**EXTRACTED ENTRIES**
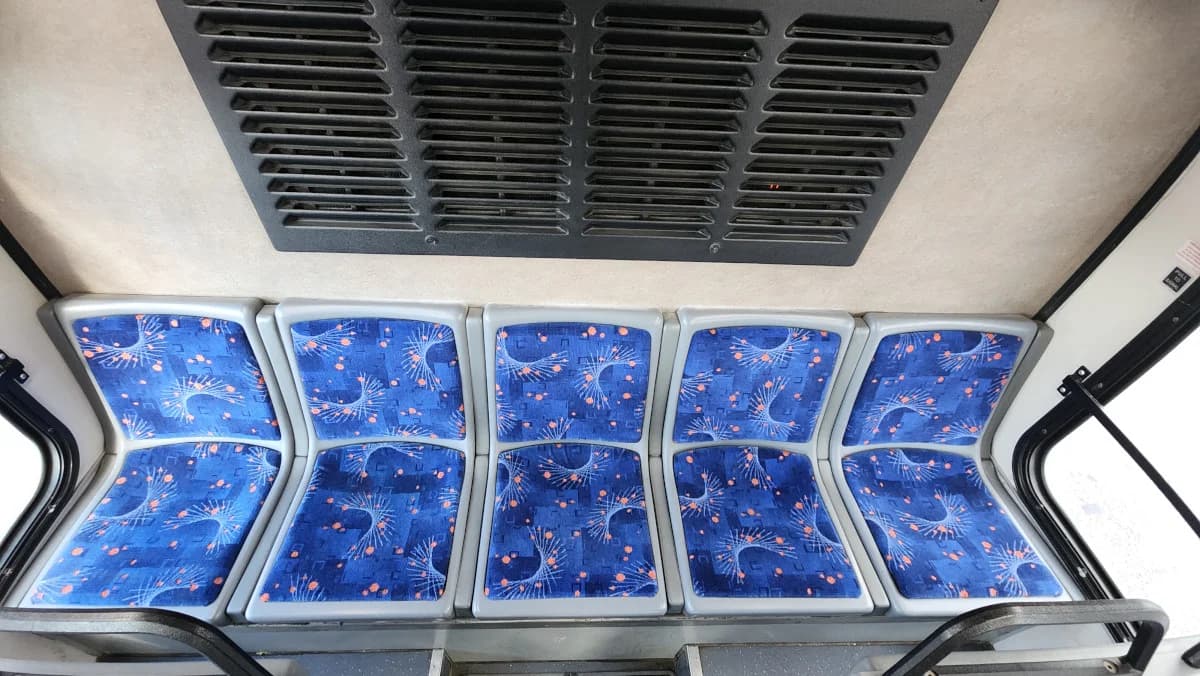 2005 GILLIG Low Floor 28 FT Transit - Image 12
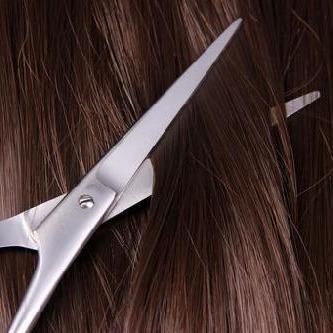 Nykyaikaiset hiustenleikkaukset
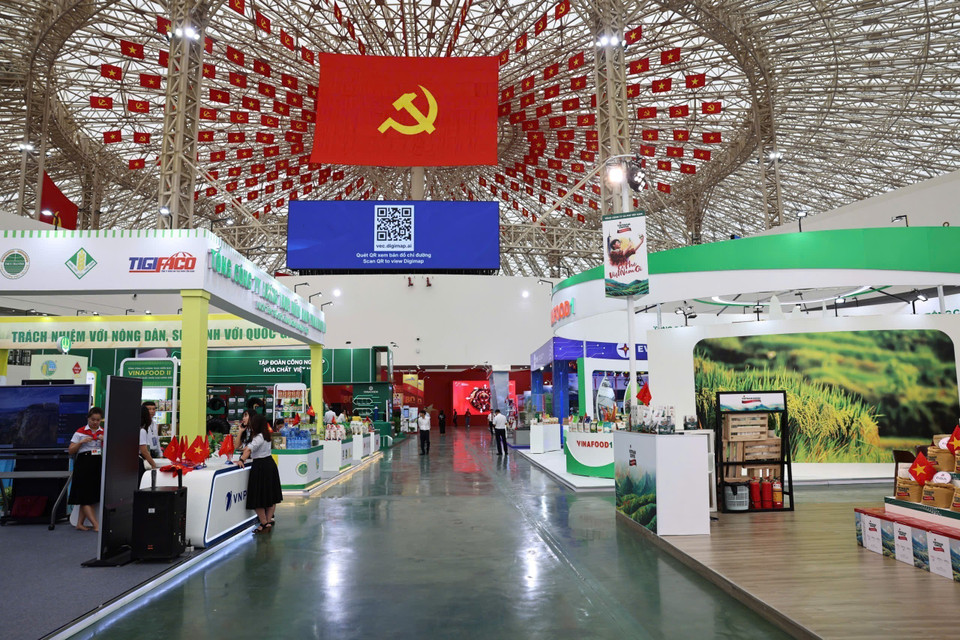 Display booths at the exhibition. (Photo: VNA)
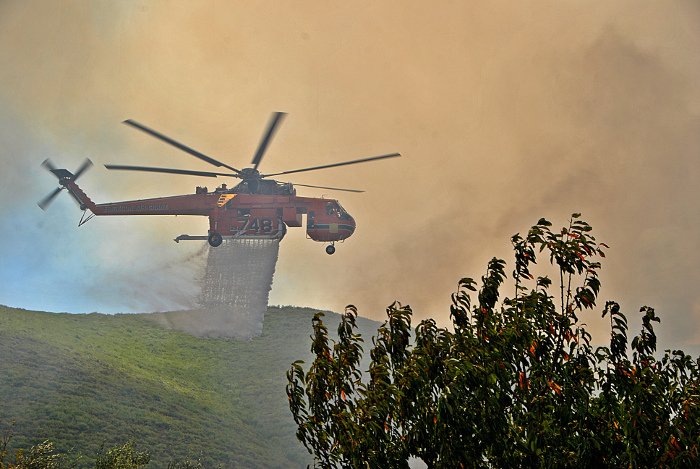 Νύχτα-κόλαση στη Ζάκυνθο: Η φωτιά κύκλωσε τις Μαριές | iefimerida.gr 5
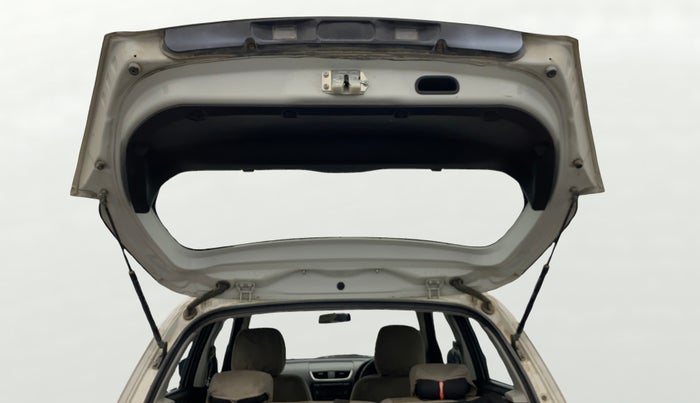 2017 Maruti Swift VXI, Petrol, Manual, 86,848 km, Boot Door Open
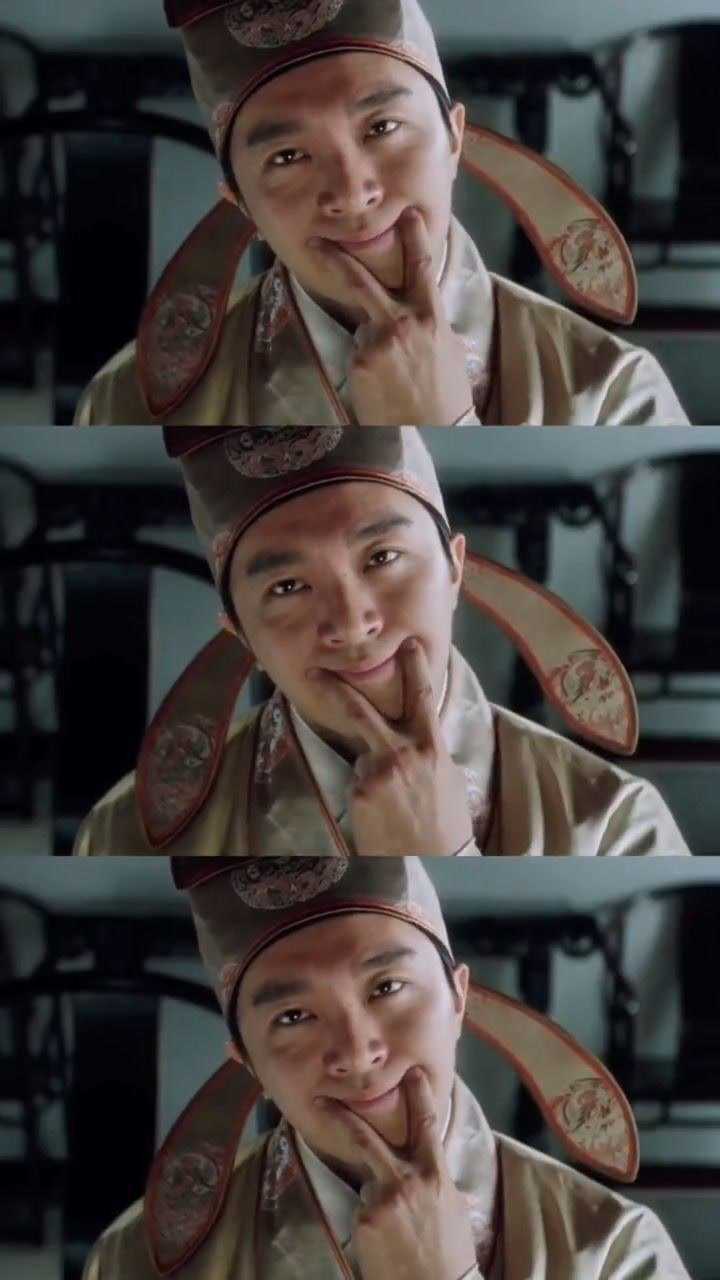 为什么笑的如此无奈,是生活不易给你带来的,心酸嘛!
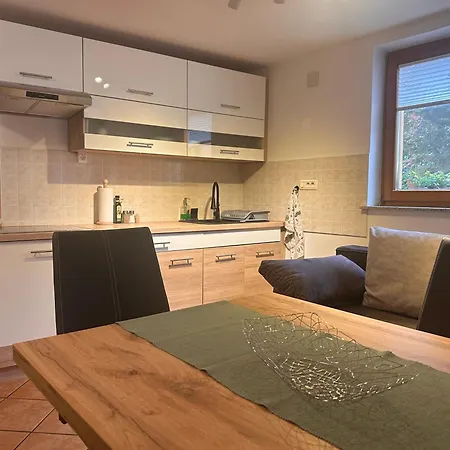 Apartma Dvor Milena アパート *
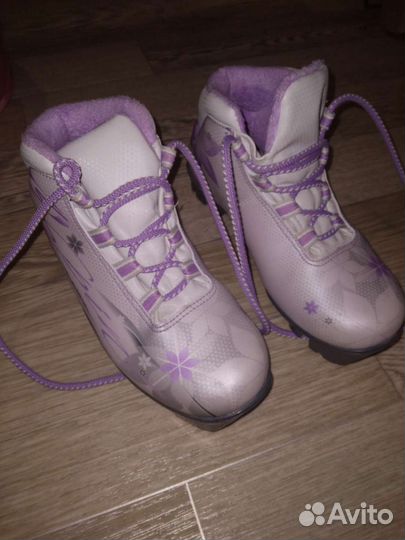 Лыжные ботинки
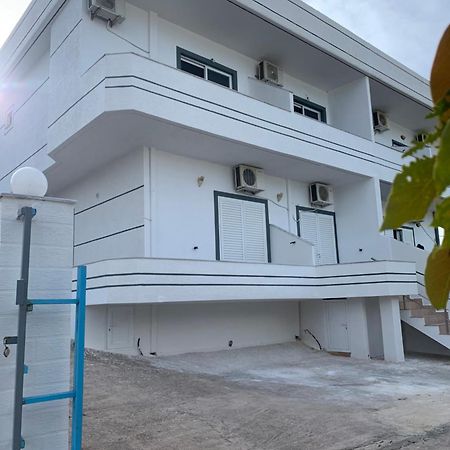 קסאמיל Vila Ergys מראה חיצוני תמונה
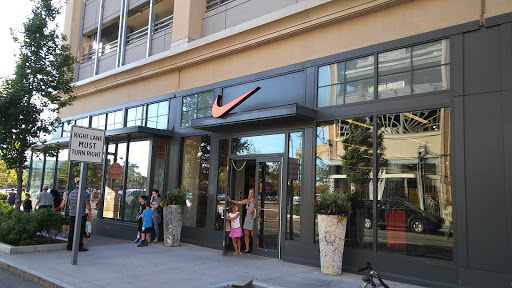 Sportswear Store «Nike Factory Store», reviews and photos, 300 Artisan Way, Somerville, MA 02145, USA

**THE PROBLEM**
In the data above, the line containing "2017 Maruti Swift" and all lines after it are to be reproduced exactly, leaving out the pictures.

**YOUR RESPONSE**
 2017 Maruti Swift VXI, Petrol, Manual, 86,848 km, Boot Door Open
 为什么笑的如此无奈,是生活不易给你带来的,心酸嘛!
 Apartma Dvor Milena アパート *
 Лыжные ботинки
 קסאמיל Vila Ergys מראה חיצוני תמונה
 Sportswear Store «Nike Factory Store», reviews and photos, 300 Artisan Way, Somerville, MA 02145, USA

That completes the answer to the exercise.